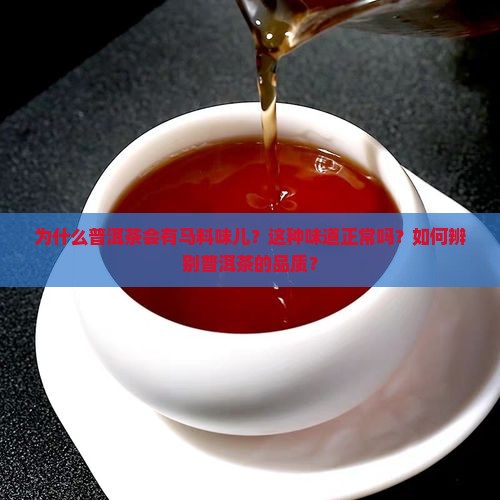 普洱茶有马料味儿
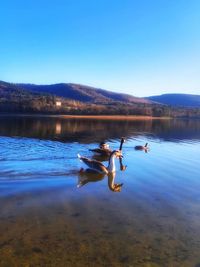 Ducks in lake against clear blue sky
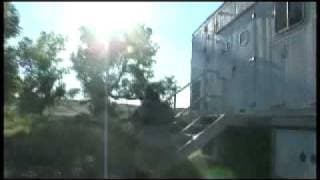 Analyzing Dinosaur Fossils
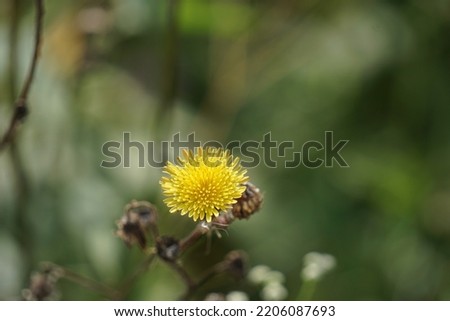 Sonchus oleraceus is a species of flowering plant in the tribe Cichorieae of the family Asteraceae.common names includes sowthistle, sow thistle, smooth sow thistle, annual sow thistle, hare's colwort Royalty-Free Stock Photo #2206087693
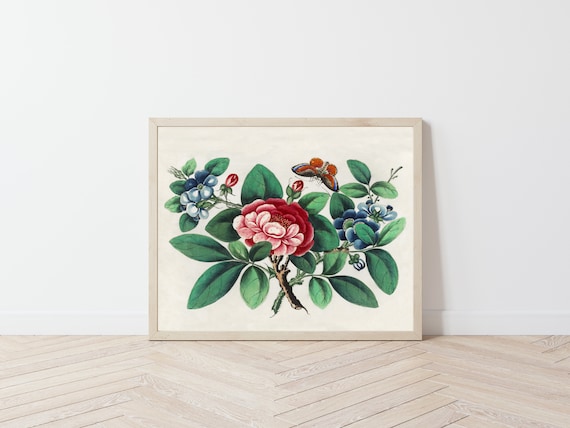 Vintage Botanical Art Prints with Butterfly // Chinese Floral Illustration // Vintage Colorful Art Painting Picture // Tropical Wall Decor Il_570xn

━━━━━━━━━━━━━━━━━━━━━━━━━━━━━━

◆ **Work instruction**
Make an exact copy of the lines of the records from the line containing "Ducks in lake against clear blue sky" through the final line, both ends included, but not of the pictures.

◆ **Exercise answer**
 Ducks in lake against clear blue sky
 Analyzing Dinosaur Fossils
 Sonchus oleraceus is a species of flowering plant in the tribe Cichorieae of the family Asteraceae.common names includes sowthistle, sow thistle, smooth sow thistle, annual sow thistle, hare's colwort Royalty-Free Stock Photo #2206087693
 Vintage Botanical Art Prints with Butterfly // Chinese Floral Illustration // Vintage Colorful Art Painting Picture // Tropical Wall Decor Il_570xn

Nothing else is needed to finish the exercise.